# Problem description:
Write out the entries below exactly, but only from the line containing "4 sovrum Lägenhet" through the line containing "Деревянная лестница с", and without the pictures.

# Data in this exercise:
◇ ◇ ◇ ◇ ◇ ◇ ◇
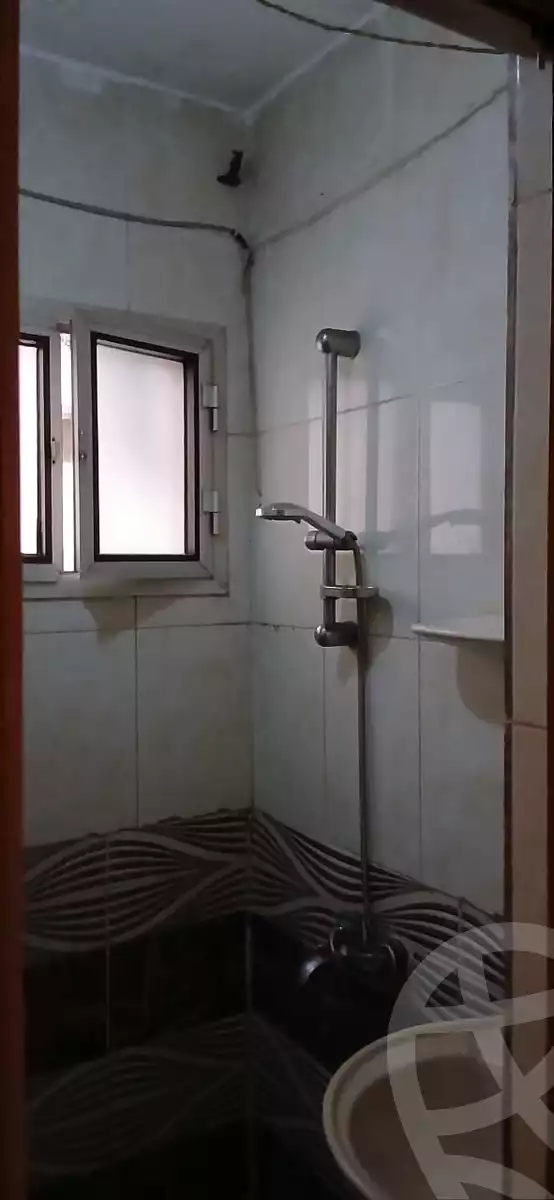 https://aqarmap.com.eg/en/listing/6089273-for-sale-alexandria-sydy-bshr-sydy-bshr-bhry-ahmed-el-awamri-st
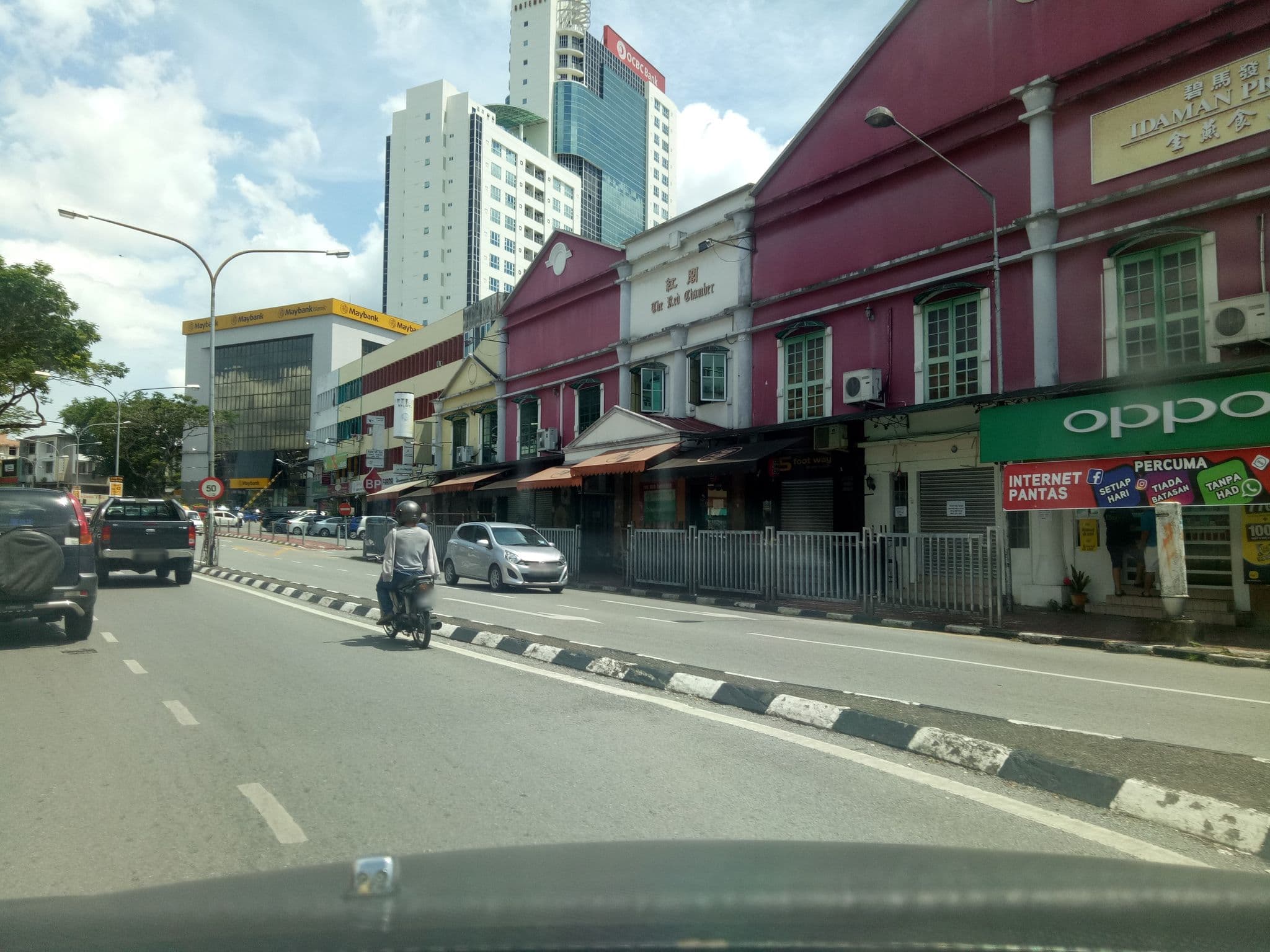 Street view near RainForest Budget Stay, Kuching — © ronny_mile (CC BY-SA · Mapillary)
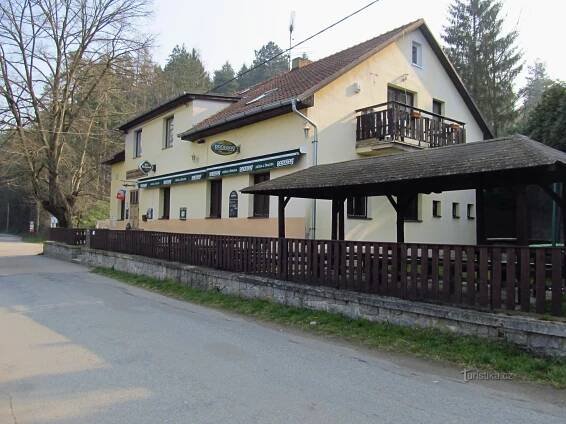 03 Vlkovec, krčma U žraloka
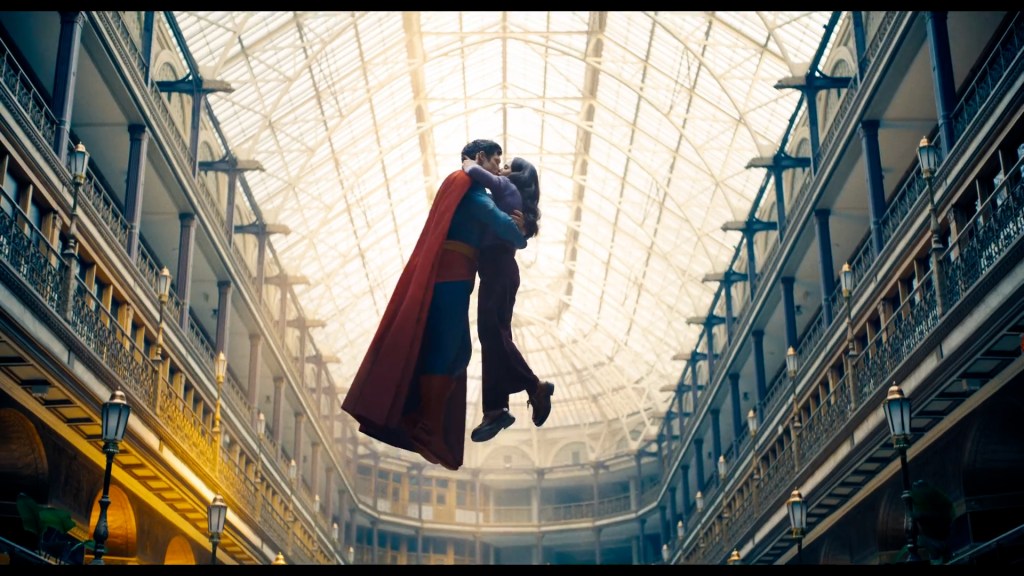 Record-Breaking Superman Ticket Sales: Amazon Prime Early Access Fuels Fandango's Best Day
◇ ◇ ◇ ◇ ◇ ◇ ◇
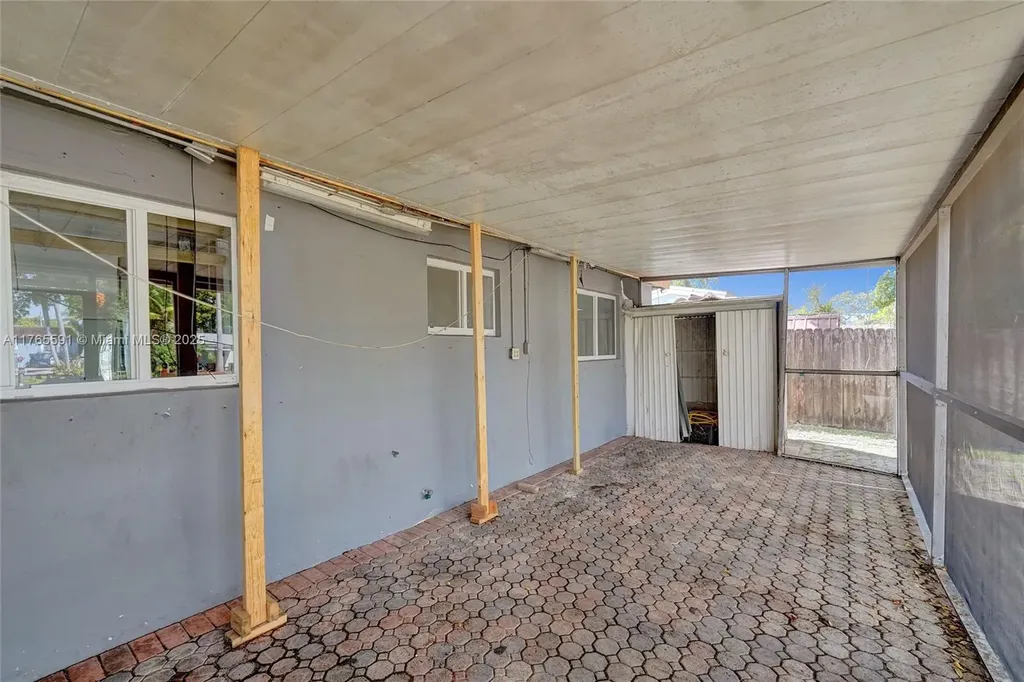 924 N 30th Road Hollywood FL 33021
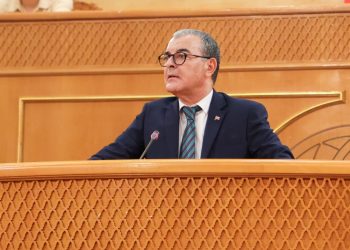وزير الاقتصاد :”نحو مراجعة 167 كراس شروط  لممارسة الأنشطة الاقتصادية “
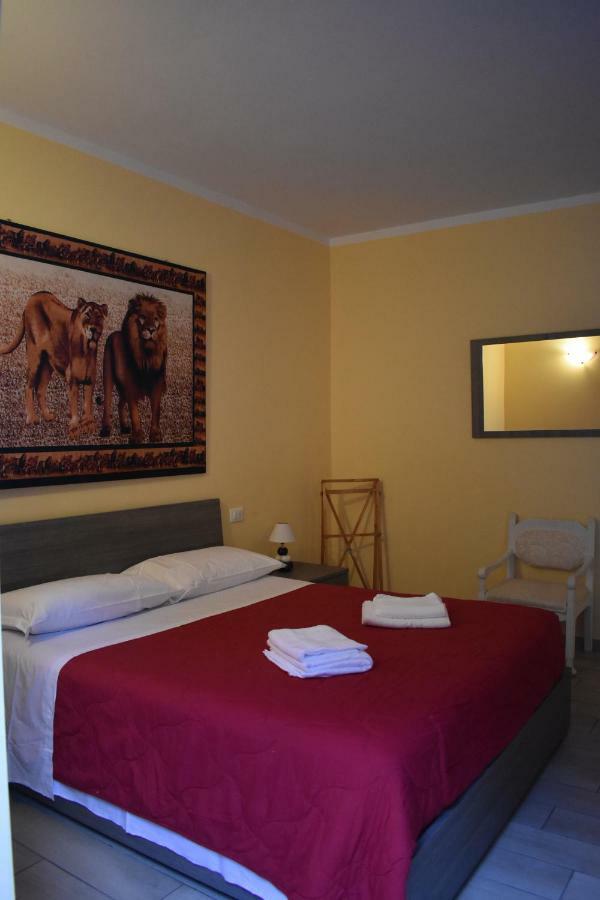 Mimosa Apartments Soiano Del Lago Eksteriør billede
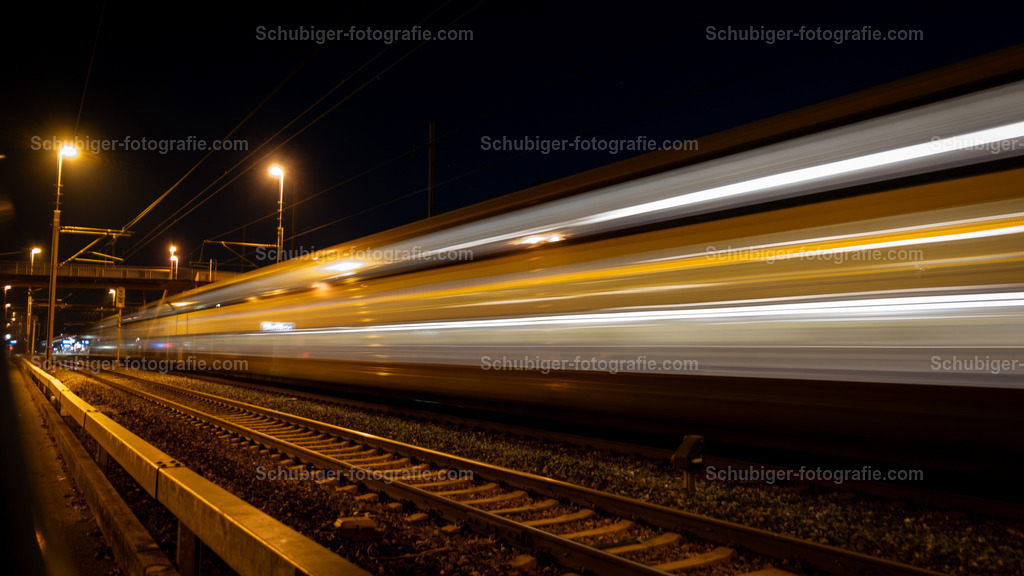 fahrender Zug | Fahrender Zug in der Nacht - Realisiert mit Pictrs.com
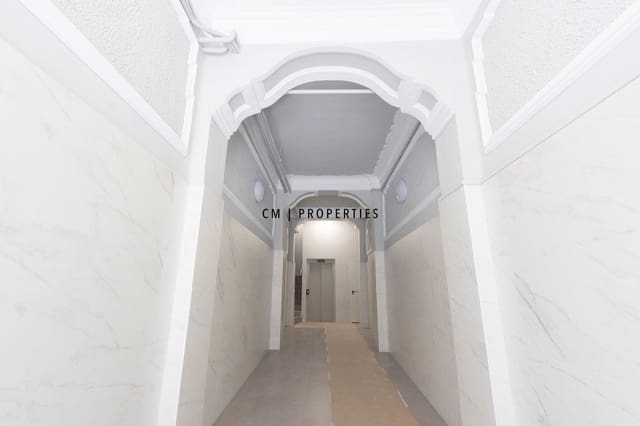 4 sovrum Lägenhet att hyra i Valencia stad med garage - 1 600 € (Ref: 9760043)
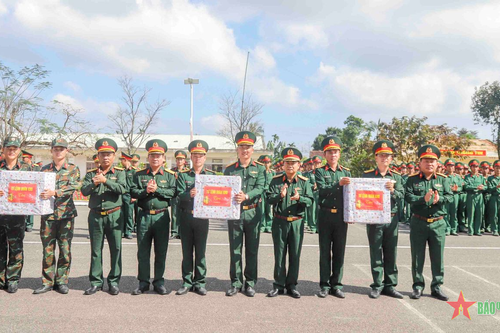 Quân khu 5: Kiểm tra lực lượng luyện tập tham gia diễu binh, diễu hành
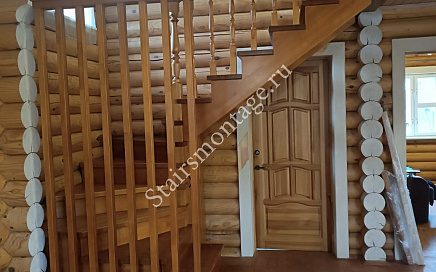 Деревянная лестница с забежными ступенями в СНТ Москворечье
◇ ◇ ◇ ◇ ◇ ◇ ◇
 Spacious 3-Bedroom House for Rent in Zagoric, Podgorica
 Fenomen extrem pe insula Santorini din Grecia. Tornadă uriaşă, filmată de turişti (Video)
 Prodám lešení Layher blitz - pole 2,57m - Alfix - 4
◇ ◇ ◇ ◇ ◇ ◇ ◇
# Response to this task:
 4 sovrum Lägenhet att hyra i Valencia stad med garage - 1 600 € (Ref: 9760043)
 Quân khu 5: Kiểm tra lực lượng luyện tập tham gia diễu binh, diễu hành
 Деревянная лестница с забежными ступенями в СНТ Москворечье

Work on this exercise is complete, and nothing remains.